If we truly aligned our awards with our values, we might add awards like these:
- The Quiet Hero Award: Making a difference while seeking no praise
- The Best Host Award: For going out of your way to make visitors to our community feel comfortable
- The “I Fessed Up” Award: For the person who admitted his/her wrongdoing or failure when it would have been easier not to, solely because he or she knew it was the right thing to do
- The Atlas Award: For greatest resilience in the face of challenge
- The Most Selfless Award: For putting needs of others before your own
- The Facilitator Award: For using humor and graciousness to make others feel better and to make social interactions easier for others
- The “I Cleaned Up the Dining Room Table Even Though My Friends Left It a Mess, Because I Know It Is the Right Thing To Do” Award
I could go on and on, but I am sure you get the point: that those things that MOST define your character are, in fact, the kinds of things that never show up on the agenda for an awards ceremony.

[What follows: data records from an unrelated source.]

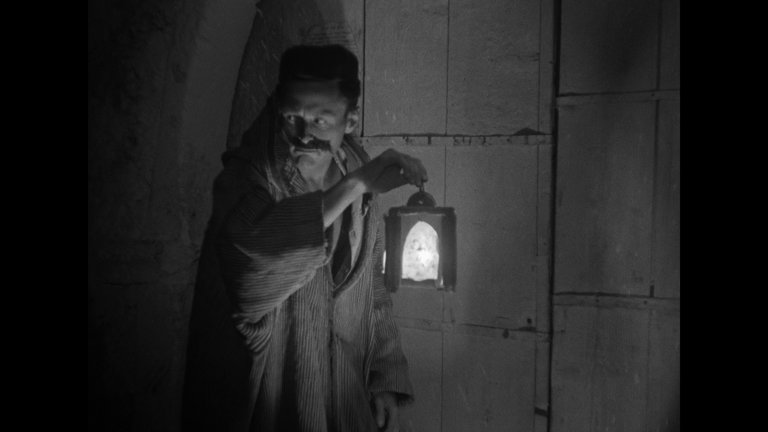 Screen capture from The Red Balloon and Other Stories: Five Films by Albert Lamorisse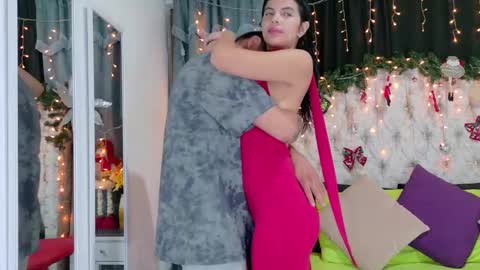 Snapshot of aaron_and_samanta chatting on 31, 12, 2024 Aaron Samanta online show from 31, 12, 2024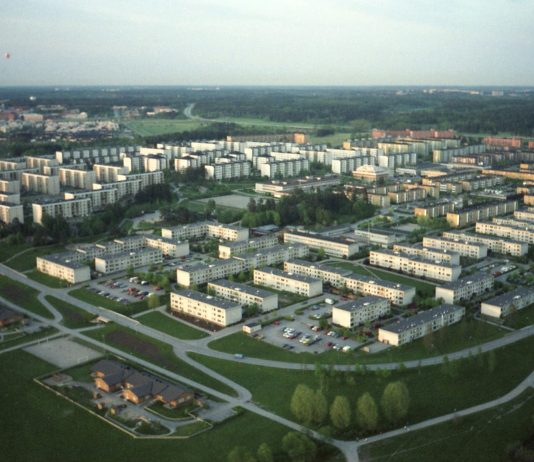 Roser Norge, bekymret for utviklingen i Sverige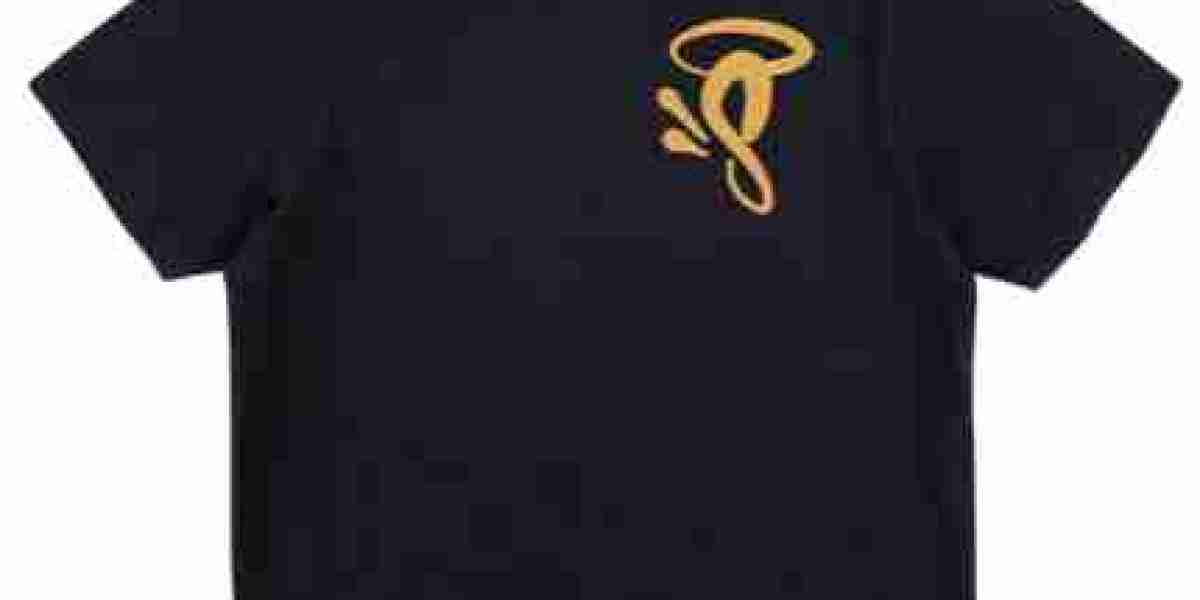 How to Style a Synaworld T-Shirt for a Clean Street Look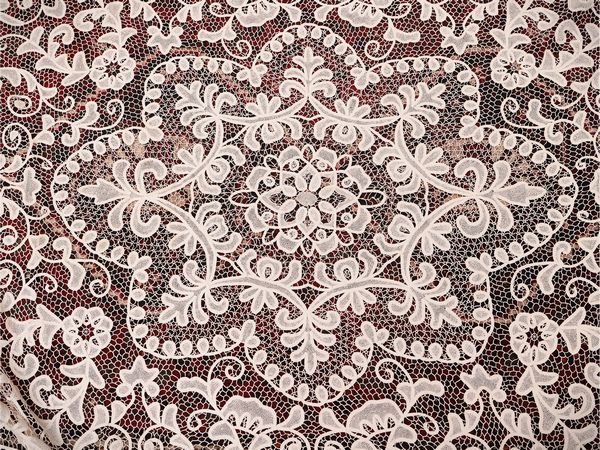 Tovaglia in pizzo veneziano  - Asta Dimore fiorentine - Associazione Nazionale - Case d'Asta italiane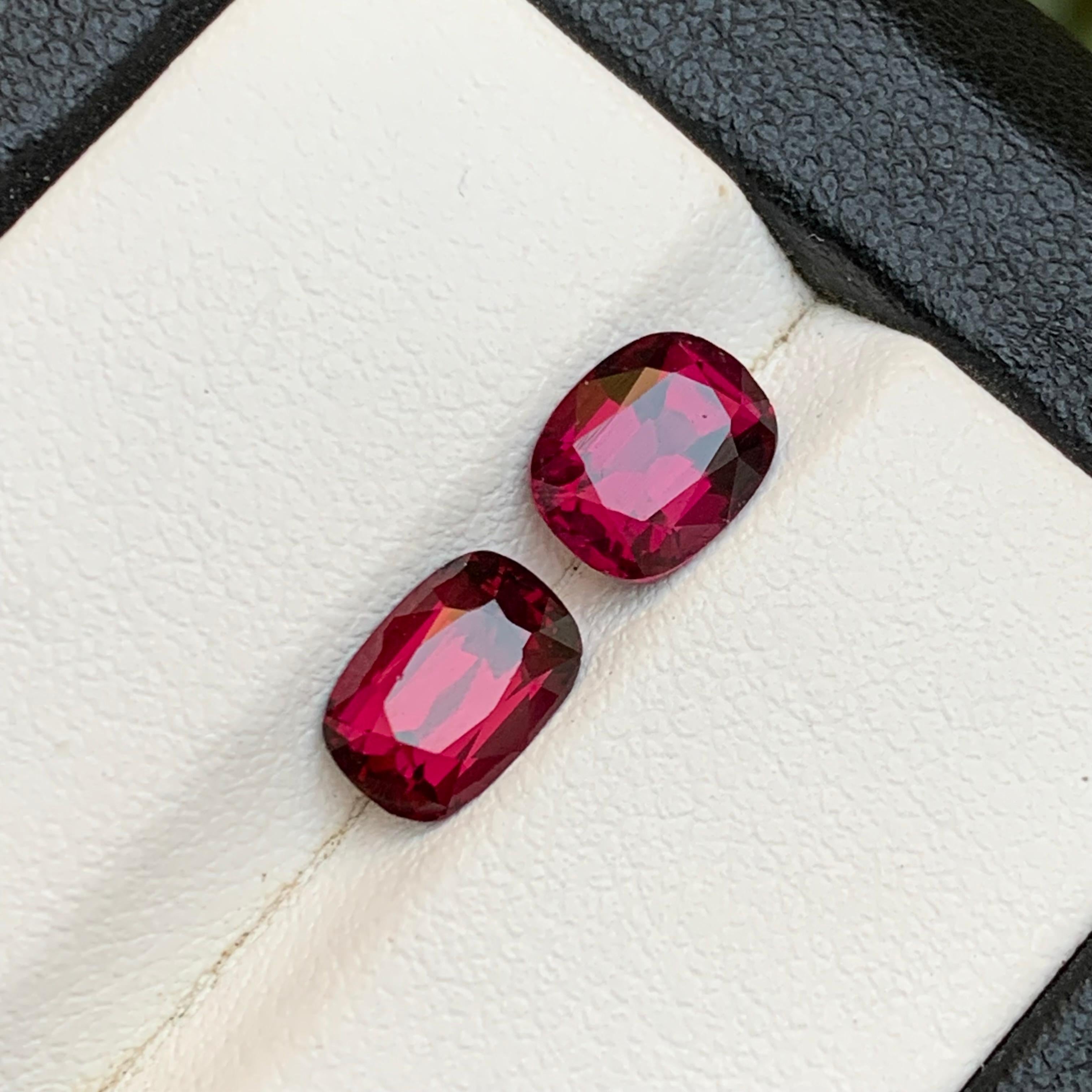 Reddish Pink Natural Garnet Loose Gemstones for Ring, Earrings, Necklace Pendant, Bracelet or any other Jewelry Setting-Oval Cut!!

💎 GEMSTONE TYPE: Garnet
⚖️ WEIGHT: 3.27 Carats
🪚 SHAPE & CUT: Oval Cut
📏 SIZE (MM): 
1.63 Ct (7.38 x 5.93 x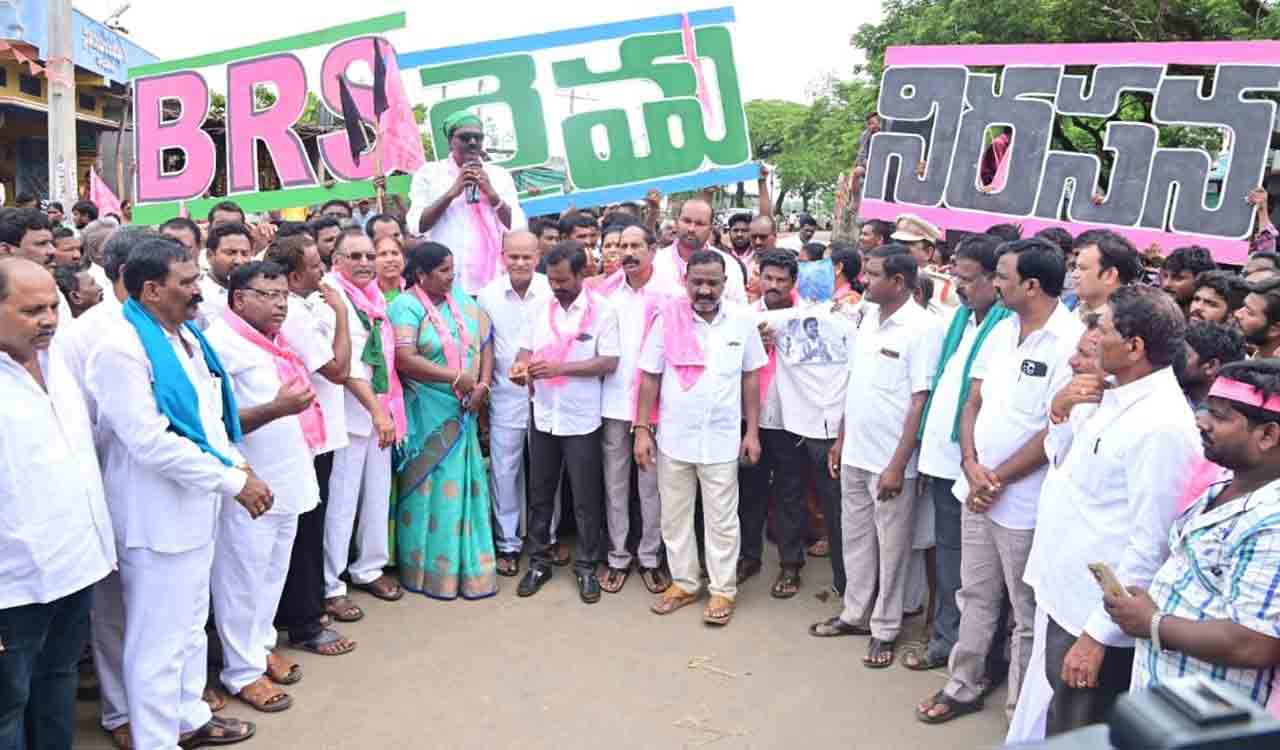 Congress wants to bring dark days into farmer’s lives: Puvvada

I would posit that awards for high character, like the ones I just listed, could and should be among the most important things we might have recognized here today. But tradition and time constraints meant that we, in fact, did not. Does that mean the people in this room for whom the “Most Selfless Award” would be appropriate should feel any less terrific about their selflessness because we failed to give them an award? I certainly hope not. To quote our founder, James Hawken: “The main purpose for which the school exists is the development of character.”
So to end today’s ceremonies, I would like to invite all of you to join me in recognizing those many students in the audience who deserve recognition for acts of high character that we simply failed to fit into one of today’s standard categories.
Although students, or anyone for that matter, will always be motivated by a combination of extrinsic and intrinsic rewards, healthy schools should always emphasize the intrinsic over the extrinsic. Unfortunately, that is not usually the case, even at Hawken. The assumptions about what selective college admission offices value have put undue pressure on schools to favor extrinsic rewards, which can be listed as part of the college applicant résumé.
It’s interesting to note that the research on motivation suggests that students who operate with a high degree of intrinsic motivation actually outperform those who are motivated solely by extrinsic rewards of grades. In other words, one of the benefits of being intrinsically motivated is that students are more likely to achieve at a higher level than students who are simply chasing letter grades.